PERMANENT TSB GROUP HOLDINGS PLC

BY

BAWAG P.S.K. BANK FÜR ARBEIT UND WIRTSCHAFT UND ÖSTERREICHISCHE POSTSPARKASSE AKTIENGESELLSCHAFT

A WHOLLY OWNED SUBSIDIARY OF BAWAG GROUP AG

TO BE IMPLEMENTED BY WAY OF A SCHEME OF ARRANGEMENT UNDER CHAPTER 1 OF PART 9 OF THE COMPANIES ACT 2014

 

Announcement relating to the publication and despatch of Scheme Document and Expected Timetable

On 14 April 2026, the board of directors of Permanent TSB Group Holdings plc ("PTSBGH") and the management board of BAWAG P.S.K. Bank für Arbeit und Wirtschaft und Österreichische Postsparkasse Aktiengesellschaft ("BAWAG PSK"), a wholly owned subsidiary of BAWAG Group AG ("BAWAG"), announced that they had agreed the terms of a recommended acquisition of the entire issued share capital of PTSBGH (the "Acquisition").

Under the terms of the Acquisition, PTSBGH Shareholders will be entitled to receive:

for each PTSBGH Share €2.97 in cash.

The Acquisition values the entire issued share capital of PTSBGH at approximately €1,618,638,643.

Publication of Scheme Document

PTSBGH announces that it has today published a circular relating to the Scheme (the "Scheme Document"), which it has also sent to PTSBGH Shareholders together with the associated Forms of Proxy. The Scheme Document sets out, amongst other things, the full terms and conditions of the Scheme, information required under Section 452 of the Companies Act 2014, an expected timetable of principal events, notices convening the Scheme Meeting and the related extraordinary general meeting (the "EGM"), and details of the action to be taken by PTSBGH Shareholders.  The expected timetable of principal events in respect of the Acquisition is attached as an Appendix to this announcement.

The Scheme Document will be made available, subject to certain restrictions relating to persons in Restricted Jurisdictions, on PTSBGH's website (https://www.permanenttsbgroup.ie/investors/fsp) by no later than 12:00 noon on the Business Day following the date of this Announcement.

Meetings to be held on 30 July 2026 and Action Required

The Scheme requires approval by PTSBGH Shareholders at a scheme meeting (the "Scheme Meeting") which will be held at The Conrad Hotel, Earlsfort Terrace, Dublin 2, D02 V562, Ireland on 30 July 2026, commencing at 10.00 a.m. In addition to approval at the Scheme Meeting, implementation of the Scheme also requires various approvals by PTSBGH Shareholders at the EGM of PTSBGH to be held at 10.15 a.m. or, if later, as soon thereafter as the Scheme Meeting, convened for the same date and place, has concluded or has been adjourned.

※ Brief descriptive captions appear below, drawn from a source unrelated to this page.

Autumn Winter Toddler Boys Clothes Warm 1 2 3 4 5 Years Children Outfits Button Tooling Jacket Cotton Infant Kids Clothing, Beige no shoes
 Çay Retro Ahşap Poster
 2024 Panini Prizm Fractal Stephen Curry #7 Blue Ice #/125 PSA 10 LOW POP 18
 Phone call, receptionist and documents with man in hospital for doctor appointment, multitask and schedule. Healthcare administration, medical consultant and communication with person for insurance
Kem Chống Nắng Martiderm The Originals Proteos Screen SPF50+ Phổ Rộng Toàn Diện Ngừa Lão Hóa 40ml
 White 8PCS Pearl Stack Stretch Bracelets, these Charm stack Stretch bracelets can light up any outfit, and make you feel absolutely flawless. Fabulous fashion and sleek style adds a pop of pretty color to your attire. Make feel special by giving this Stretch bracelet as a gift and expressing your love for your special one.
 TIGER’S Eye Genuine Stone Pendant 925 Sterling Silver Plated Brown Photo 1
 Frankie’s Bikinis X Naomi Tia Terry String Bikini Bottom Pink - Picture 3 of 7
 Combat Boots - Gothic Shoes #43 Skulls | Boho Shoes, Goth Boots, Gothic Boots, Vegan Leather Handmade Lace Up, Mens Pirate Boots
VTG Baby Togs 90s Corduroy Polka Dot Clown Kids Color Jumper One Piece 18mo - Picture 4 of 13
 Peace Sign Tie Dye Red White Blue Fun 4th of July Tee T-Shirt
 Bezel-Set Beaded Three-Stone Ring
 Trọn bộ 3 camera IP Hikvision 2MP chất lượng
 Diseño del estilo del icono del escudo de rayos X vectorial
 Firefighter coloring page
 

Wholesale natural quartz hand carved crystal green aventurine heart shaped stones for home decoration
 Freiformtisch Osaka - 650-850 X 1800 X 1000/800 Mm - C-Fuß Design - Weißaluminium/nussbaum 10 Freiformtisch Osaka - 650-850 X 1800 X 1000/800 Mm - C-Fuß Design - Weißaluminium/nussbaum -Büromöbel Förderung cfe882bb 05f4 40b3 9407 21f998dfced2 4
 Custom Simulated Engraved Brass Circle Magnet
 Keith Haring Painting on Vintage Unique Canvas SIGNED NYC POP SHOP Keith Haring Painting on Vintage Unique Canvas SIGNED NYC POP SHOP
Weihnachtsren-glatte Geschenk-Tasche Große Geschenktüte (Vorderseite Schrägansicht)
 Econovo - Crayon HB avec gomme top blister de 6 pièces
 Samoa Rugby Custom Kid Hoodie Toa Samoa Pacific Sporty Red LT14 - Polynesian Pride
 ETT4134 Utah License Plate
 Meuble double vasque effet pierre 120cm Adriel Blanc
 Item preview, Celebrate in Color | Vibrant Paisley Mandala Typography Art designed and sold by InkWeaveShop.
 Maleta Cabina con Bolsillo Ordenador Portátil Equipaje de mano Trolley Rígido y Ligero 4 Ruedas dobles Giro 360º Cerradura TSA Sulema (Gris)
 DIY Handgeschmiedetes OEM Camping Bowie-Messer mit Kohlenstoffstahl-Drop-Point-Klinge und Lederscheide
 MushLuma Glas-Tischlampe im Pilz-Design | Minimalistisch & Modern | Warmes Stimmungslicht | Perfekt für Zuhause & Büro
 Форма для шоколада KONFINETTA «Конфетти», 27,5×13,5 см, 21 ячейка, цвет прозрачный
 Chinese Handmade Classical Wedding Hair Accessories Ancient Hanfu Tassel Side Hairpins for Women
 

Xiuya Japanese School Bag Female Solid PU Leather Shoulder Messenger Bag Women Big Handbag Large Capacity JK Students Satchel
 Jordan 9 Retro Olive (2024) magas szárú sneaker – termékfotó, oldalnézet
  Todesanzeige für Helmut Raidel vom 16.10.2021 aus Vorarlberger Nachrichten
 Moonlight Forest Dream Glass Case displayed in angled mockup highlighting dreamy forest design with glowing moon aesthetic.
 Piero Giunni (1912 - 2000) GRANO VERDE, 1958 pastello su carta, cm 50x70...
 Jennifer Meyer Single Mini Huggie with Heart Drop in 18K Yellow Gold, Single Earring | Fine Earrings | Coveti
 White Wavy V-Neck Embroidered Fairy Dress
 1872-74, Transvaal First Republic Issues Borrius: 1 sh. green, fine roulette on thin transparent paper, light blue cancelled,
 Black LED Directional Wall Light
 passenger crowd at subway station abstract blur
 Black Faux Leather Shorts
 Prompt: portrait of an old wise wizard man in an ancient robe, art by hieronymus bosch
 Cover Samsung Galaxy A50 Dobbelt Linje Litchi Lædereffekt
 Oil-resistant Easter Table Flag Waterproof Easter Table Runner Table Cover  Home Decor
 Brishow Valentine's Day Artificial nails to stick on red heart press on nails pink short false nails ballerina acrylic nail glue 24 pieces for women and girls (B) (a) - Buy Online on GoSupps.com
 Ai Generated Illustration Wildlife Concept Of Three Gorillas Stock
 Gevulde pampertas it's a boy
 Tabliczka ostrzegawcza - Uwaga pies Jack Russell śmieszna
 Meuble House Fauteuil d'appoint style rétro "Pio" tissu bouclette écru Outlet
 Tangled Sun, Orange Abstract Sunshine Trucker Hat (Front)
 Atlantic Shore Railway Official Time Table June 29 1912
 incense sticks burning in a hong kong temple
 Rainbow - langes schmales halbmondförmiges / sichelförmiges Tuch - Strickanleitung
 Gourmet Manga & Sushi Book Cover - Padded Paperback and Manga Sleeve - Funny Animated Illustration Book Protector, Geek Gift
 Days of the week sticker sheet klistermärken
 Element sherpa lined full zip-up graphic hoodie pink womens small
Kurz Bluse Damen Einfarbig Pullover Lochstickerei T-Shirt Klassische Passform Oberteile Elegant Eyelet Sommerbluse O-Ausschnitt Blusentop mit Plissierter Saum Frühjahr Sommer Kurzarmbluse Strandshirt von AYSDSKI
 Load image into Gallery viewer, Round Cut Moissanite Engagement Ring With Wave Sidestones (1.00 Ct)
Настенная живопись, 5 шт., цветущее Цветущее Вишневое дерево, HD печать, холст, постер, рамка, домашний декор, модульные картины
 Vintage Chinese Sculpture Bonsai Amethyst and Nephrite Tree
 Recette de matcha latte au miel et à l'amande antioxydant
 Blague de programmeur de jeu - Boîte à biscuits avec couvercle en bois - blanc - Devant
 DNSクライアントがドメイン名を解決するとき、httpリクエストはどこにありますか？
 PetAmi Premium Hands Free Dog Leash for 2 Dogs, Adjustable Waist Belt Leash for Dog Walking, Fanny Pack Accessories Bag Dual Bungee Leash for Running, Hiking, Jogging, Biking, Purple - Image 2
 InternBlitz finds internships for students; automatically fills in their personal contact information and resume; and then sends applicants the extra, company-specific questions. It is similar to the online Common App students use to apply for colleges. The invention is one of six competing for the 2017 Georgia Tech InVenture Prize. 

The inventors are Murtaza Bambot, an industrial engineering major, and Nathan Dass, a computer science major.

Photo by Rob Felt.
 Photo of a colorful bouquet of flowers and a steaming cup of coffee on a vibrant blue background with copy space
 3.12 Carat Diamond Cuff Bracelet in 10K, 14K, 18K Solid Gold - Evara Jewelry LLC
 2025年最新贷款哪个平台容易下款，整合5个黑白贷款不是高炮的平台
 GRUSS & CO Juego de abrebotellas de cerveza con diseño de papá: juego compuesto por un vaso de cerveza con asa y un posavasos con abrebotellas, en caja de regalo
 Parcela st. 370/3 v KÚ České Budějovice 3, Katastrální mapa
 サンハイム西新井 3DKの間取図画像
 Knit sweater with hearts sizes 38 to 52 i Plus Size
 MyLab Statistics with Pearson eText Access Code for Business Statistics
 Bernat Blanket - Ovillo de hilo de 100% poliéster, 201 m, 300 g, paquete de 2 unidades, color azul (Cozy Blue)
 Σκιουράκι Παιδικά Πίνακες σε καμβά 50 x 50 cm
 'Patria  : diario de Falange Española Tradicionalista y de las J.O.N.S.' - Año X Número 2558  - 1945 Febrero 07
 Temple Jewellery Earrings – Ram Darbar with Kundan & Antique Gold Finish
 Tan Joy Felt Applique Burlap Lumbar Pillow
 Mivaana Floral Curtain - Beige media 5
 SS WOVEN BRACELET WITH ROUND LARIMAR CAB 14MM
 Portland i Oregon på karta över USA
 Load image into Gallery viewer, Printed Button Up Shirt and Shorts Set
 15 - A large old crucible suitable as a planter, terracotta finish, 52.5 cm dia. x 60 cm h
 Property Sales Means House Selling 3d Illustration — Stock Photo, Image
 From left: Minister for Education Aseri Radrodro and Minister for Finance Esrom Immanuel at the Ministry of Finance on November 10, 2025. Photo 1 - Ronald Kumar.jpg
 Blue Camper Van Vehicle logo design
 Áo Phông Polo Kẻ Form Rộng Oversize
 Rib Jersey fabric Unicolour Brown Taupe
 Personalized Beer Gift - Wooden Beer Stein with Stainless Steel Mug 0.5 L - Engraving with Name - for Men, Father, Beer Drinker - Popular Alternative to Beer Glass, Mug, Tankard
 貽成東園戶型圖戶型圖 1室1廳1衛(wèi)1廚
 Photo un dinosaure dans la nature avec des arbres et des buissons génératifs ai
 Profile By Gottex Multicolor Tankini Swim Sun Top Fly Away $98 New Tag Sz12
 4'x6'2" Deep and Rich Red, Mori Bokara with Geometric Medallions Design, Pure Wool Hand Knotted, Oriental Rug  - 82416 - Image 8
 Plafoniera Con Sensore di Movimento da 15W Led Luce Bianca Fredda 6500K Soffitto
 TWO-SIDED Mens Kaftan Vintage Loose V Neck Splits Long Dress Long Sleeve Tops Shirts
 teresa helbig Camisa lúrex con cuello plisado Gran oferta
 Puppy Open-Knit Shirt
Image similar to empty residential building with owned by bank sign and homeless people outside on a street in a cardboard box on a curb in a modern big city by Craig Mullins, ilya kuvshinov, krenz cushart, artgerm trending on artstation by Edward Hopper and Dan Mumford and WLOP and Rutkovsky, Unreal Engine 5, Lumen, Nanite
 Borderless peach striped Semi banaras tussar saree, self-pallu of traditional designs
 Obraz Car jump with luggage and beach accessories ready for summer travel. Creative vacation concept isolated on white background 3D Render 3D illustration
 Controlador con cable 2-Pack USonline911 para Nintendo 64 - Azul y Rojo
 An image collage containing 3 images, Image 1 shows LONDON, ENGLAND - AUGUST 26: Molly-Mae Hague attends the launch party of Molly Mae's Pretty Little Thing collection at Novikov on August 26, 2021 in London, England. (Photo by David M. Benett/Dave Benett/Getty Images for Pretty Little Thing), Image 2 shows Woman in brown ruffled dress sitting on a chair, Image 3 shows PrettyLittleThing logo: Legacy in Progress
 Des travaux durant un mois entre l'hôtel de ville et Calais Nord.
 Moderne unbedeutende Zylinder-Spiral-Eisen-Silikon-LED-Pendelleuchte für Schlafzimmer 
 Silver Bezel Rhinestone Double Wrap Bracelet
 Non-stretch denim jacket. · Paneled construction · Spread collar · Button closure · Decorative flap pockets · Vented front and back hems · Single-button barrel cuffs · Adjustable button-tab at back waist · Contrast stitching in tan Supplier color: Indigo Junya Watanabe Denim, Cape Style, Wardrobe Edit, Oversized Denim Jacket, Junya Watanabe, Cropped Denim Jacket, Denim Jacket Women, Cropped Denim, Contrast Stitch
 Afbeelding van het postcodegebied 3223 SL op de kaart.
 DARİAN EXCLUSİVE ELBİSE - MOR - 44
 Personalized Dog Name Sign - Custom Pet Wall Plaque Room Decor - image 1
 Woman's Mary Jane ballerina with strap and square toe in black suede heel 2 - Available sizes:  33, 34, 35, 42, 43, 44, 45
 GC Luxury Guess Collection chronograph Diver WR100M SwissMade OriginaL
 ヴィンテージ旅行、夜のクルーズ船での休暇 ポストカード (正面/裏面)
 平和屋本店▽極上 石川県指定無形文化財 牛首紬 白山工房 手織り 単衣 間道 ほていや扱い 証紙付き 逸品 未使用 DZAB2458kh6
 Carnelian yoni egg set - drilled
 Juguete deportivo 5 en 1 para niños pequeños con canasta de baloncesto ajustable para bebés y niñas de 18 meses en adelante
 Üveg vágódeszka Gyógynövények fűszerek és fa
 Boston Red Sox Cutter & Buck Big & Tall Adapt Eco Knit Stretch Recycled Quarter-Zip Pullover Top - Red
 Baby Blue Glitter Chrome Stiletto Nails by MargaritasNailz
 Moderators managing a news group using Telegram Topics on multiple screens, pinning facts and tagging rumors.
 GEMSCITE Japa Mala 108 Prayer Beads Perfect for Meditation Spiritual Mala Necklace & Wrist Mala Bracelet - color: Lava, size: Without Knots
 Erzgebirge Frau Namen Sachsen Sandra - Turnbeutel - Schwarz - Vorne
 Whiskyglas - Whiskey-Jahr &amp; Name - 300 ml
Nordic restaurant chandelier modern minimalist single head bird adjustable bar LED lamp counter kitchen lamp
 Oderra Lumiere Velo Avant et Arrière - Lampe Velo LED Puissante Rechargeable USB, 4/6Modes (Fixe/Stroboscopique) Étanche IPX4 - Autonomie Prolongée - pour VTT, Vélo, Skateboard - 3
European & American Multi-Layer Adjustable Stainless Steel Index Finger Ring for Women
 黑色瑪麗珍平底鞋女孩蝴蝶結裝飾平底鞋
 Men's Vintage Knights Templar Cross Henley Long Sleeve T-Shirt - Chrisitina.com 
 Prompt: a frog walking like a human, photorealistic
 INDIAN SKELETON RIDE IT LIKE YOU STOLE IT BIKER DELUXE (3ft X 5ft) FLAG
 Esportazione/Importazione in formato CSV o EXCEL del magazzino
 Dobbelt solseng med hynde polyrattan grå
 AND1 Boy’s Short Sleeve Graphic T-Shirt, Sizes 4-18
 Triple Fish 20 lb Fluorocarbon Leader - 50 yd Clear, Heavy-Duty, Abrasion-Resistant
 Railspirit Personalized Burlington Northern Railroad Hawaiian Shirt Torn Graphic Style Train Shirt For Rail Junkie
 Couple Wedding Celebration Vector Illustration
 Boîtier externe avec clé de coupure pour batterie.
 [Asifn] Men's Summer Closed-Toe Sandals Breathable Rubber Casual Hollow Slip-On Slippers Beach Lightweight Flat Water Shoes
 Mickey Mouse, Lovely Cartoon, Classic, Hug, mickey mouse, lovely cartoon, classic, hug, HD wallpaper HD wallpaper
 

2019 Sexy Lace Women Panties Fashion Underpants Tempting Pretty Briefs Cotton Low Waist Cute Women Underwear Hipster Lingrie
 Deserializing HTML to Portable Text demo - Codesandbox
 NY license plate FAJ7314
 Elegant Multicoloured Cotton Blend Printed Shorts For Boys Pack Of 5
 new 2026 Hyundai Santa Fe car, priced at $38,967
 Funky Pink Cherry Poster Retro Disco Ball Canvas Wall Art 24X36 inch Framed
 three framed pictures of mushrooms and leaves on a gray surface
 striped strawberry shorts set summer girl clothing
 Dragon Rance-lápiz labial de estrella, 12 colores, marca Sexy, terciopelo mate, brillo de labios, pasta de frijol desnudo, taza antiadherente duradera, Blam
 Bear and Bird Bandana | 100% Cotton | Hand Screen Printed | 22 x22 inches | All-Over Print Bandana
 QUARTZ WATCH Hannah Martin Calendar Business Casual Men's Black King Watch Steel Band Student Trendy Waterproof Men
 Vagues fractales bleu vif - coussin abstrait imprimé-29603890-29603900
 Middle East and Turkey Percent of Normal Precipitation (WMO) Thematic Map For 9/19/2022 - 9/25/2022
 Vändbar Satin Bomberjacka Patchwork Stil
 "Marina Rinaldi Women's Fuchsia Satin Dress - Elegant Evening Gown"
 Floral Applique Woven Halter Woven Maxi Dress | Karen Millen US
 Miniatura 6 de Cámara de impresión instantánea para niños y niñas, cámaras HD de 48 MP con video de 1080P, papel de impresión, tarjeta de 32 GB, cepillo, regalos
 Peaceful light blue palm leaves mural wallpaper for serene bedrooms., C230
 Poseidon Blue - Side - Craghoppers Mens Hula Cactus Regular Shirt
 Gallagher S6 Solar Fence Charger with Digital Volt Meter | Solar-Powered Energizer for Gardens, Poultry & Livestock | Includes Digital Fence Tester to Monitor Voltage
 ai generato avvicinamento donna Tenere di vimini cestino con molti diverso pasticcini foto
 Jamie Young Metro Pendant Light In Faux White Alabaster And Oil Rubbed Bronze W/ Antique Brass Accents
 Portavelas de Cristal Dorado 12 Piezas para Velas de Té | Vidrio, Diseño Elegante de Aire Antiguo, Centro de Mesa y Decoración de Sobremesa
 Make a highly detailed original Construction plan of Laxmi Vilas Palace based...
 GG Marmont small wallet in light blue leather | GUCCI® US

Once the Scheme becomes Effective it will be binding on all Scheme Shareholders, irrespective of whether or not they attended or voted in favour or at all at the Scheme Meeting or the EGM (and if they attended and voted, whether or not they voted in favour). Provided the Scheme becomes Effective, Scheme Shareholders will receive their Consideration without having to take further action.

PTSBGH Shareholders should carefully read the Scheme Document in its entirety before making a decision with respect to the Scheme. All PTSBGH Shareholders are urged to exercise their votes in respect of the Scheme Meeting and the EGM.

Expected Timetable of Principal Events

An expected timetable of principal events is set out as an Appendix to this announcement.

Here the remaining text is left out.